DOMRADIO.DE: 2022 gehörte weniger als die Hälfte der Menschen in Deutschland den beiden christlichen Kirchen an, erstmals waren die Christen hierzulande in der Minderheit. Wie blicken sie als bekennender Katholik auf diese Entwicklung?

Bosbach: Die Kirche macht mir schon seit Jahren Kummer, aber ich bin ja nicht in der Kirche der Institution wegen, sondern weil das für mich eine selbstverständliche Zugehörigkeit zu einer Glaubensgemeinschaft ist, unabhängig von den Skandalen der vergangenen Jahre. Das ist der eine Aspekt. 

Der andere ist die Frage des Nachwuchses: Das, was oben ausscheidet, wächst unten nicht mehr nach, das haben Kirche und Politik gemeinsam. Das muss man sich mal vorstellen: Mitte der 1970er Jahre hatten Union und SPD jeweils alleine fast so viele Mitglieder wie heute alle Parteien in Deutschland zusammen. Und hinzu kommen auch noch die vielen Austritte. 

DOMRADIO.DE: Politik und Kirche haben also ein gemeinsames Problem, nämlich, dass sie an Akzeptanz verlieren und sich die Menschen enttäuscht von ihnen abwenden? 

Bosbach: Ja, da sind wir eine Schicksalsgemeinschaft: Das Durchschnittsalter der Bevölkerung in Deutschland ist 43 Jahre. Das Durchschnittsalter der CDU-Mitglieder ist 61, bei der SPD ist es ähnlich. Und dann gehen Sie mal sonntags in die Kirche und fragen nach dem Durchschnittsalter der Gläubigen: Sie haben in vielen Gottesdiensten noch relativ viele Kinder und dann die älteren Menschen. Aber dazwischen fehlt eine ganze Generation.

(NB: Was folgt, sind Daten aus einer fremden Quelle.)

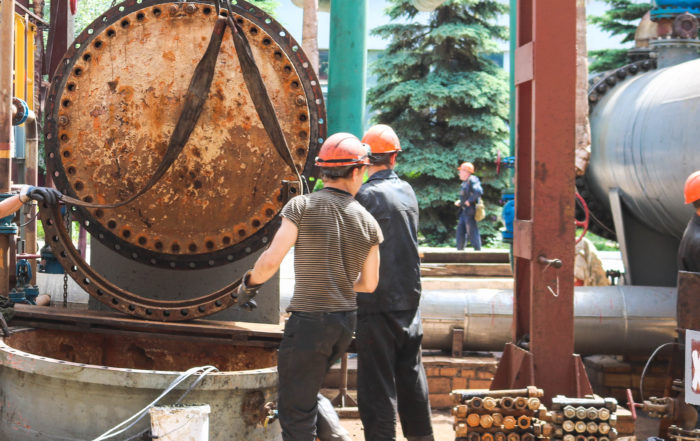 Working on a heat exchanger outdoors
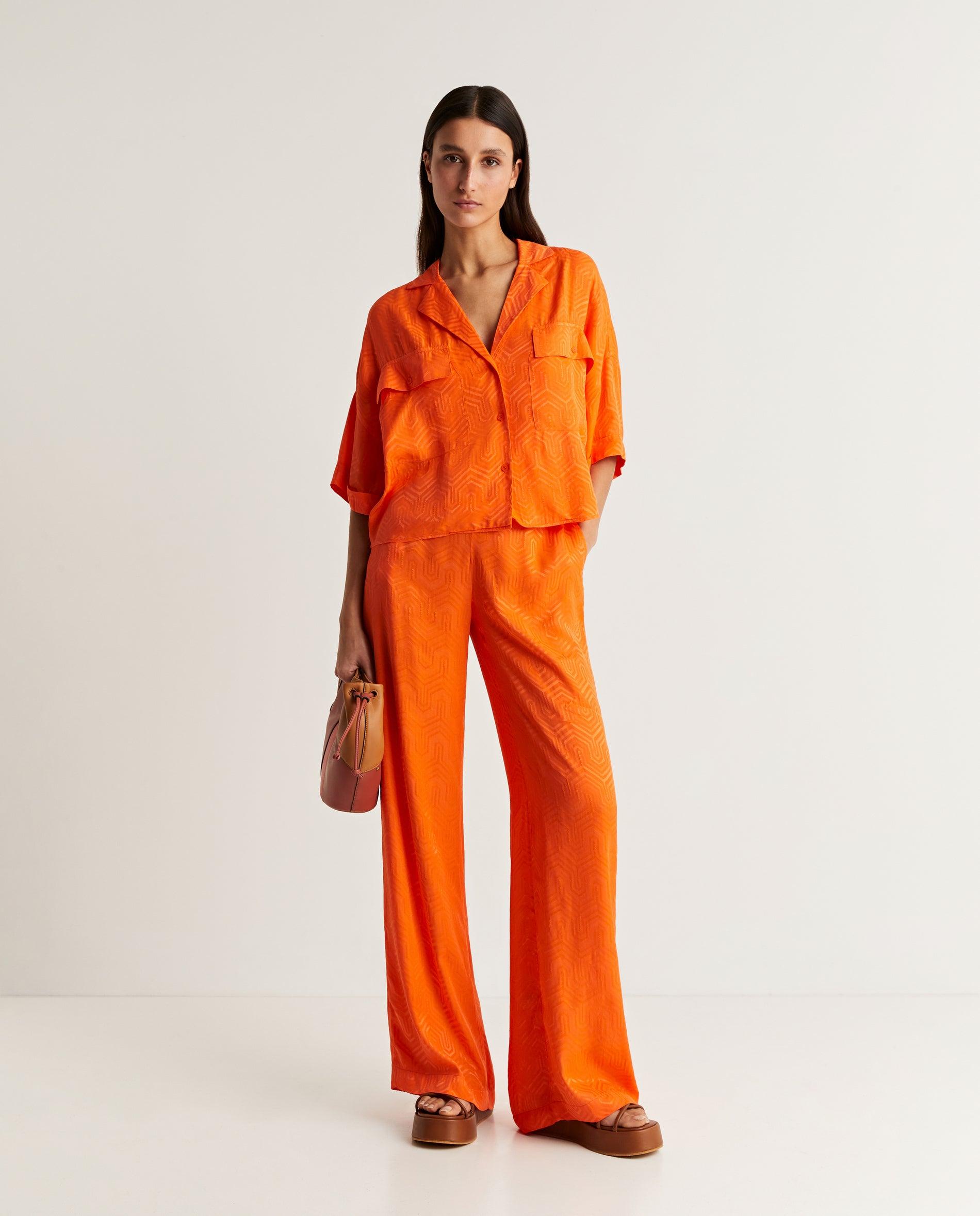 Pantalón ancho de mujer de tiro alto con diseño geométrico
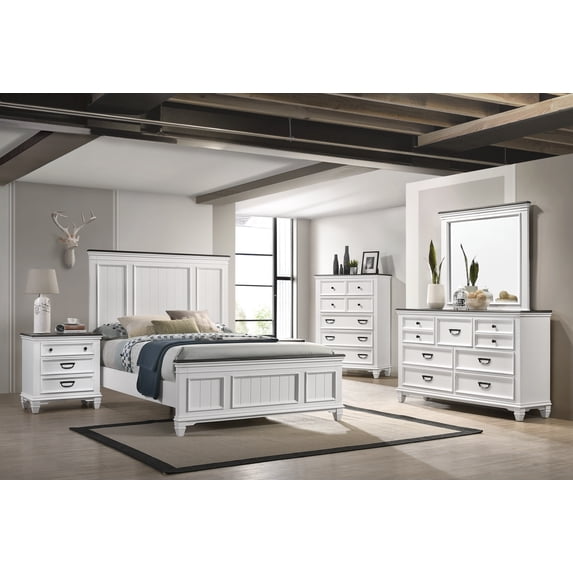 Roundhill Clelane Weathered White and Gray Finished 5-Piece Bedroom Set, Shiplap Panel Queen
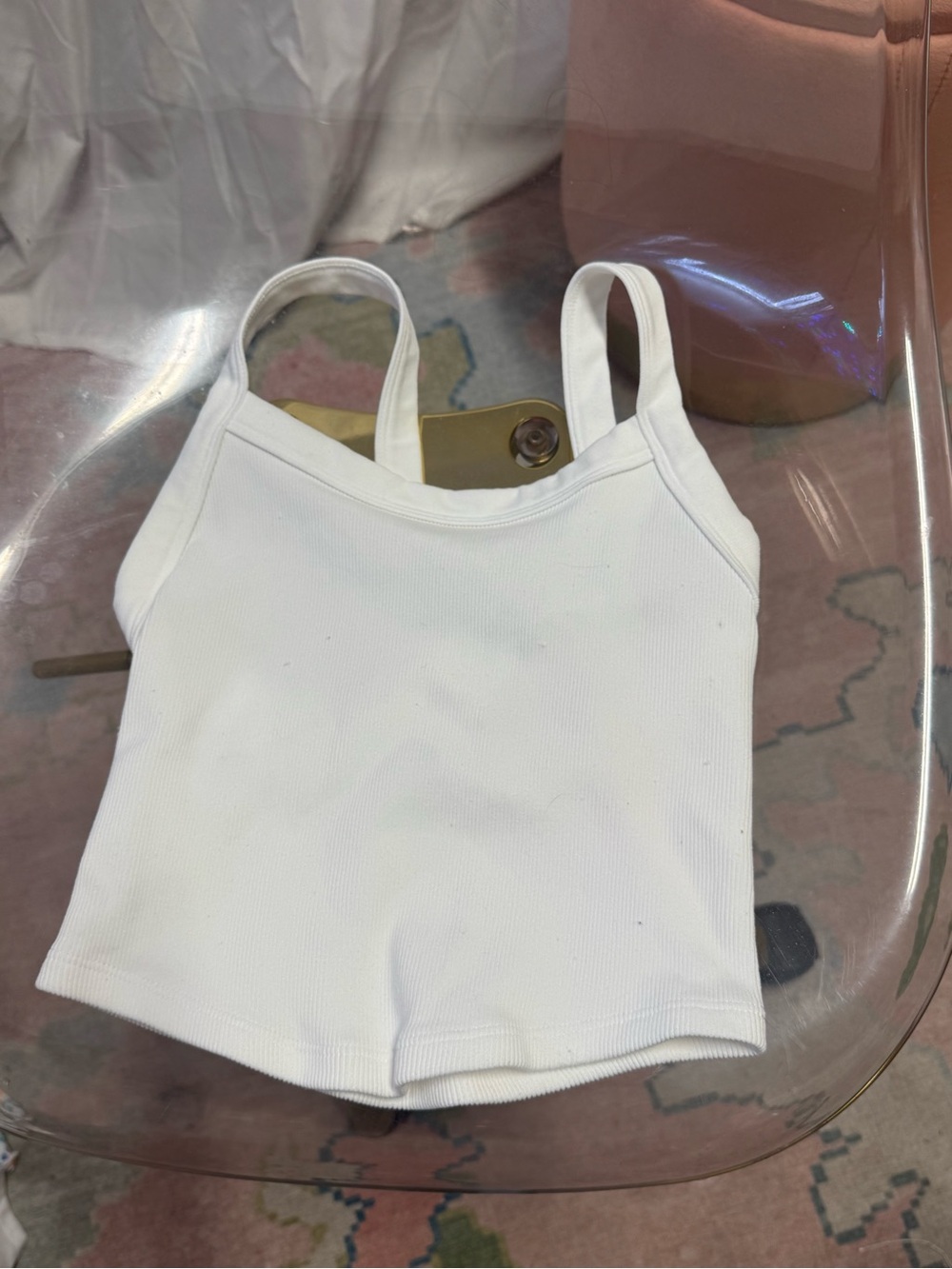 Women’s White Ribbed Tank Top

DOMRADIO.DE: Was würden Sie an Ihrer Kirche ändern, wenn Sie könnten?

Bosbach: Ein bisschen weniger Politik. Die Kirchentage sind für mich mittlerweile eher Parteitage, und ich finde das keine gute Entwicklung. Die Kirche muss immer sehen, dass sie auch unabhängig von der politischen Überzeugung ihrer Mitglieder jeden erreicht. Wenn die Kirchenmitglieder das Gefühl haben, sie passen mit ihrer politischen oder gesellschaftlichen Haltung nicht mehr in ihre Kirche, dann darf man sich nicht wundern, wenn die Kirche an Akzeptanz verliert. 

DOMRADIO.DE: Sie bezeichnen sich gerne als "rheinischer Katholik", was für Sie bedeutet: "Hier unten so leben, dass man oben so eben noch reinkommt." Was hält Sie in dieser Kirche?

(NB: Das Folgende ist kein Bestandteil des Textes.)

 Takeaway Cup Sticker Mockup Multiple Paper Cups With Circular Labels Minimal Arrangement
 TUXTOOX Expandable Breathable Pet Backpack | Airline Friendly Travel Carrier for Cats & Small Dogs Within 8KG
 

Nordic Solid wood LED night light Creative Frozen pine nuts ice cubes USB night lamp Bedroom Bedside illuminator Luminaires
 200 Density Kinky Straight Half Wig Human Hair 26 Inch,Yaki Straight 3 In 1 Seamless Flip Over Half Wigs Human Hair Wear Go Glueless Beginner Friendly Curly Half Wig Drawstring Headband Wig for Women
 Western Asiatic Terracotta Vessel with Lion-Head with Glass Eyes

Bosbach: Ich bin ganz sicher, dass das immer noch die beste Alternative ist. Ich fühle mich in der Kirche – auch nach allen Skandalen – wohl, weil ich weiß, was ich meiner Kirche zu verdanken habe. Ich bin mit meiner Kirche und in der katholischen Jugendarbeit großgeworden. Umso mehr bedauere ich, wenn Leute mit Bitterkeit auf die Zeit zurückblicken, in der sie ganz andere Erfahrungen gemacht haben. Wenn Sie so wollen, ist das ein Stück Treue, mit der ich auch etwas zurückgeben möchte, was die Kirche mir gegeben hat. 

Das Interview führte Ina Rottscheidt.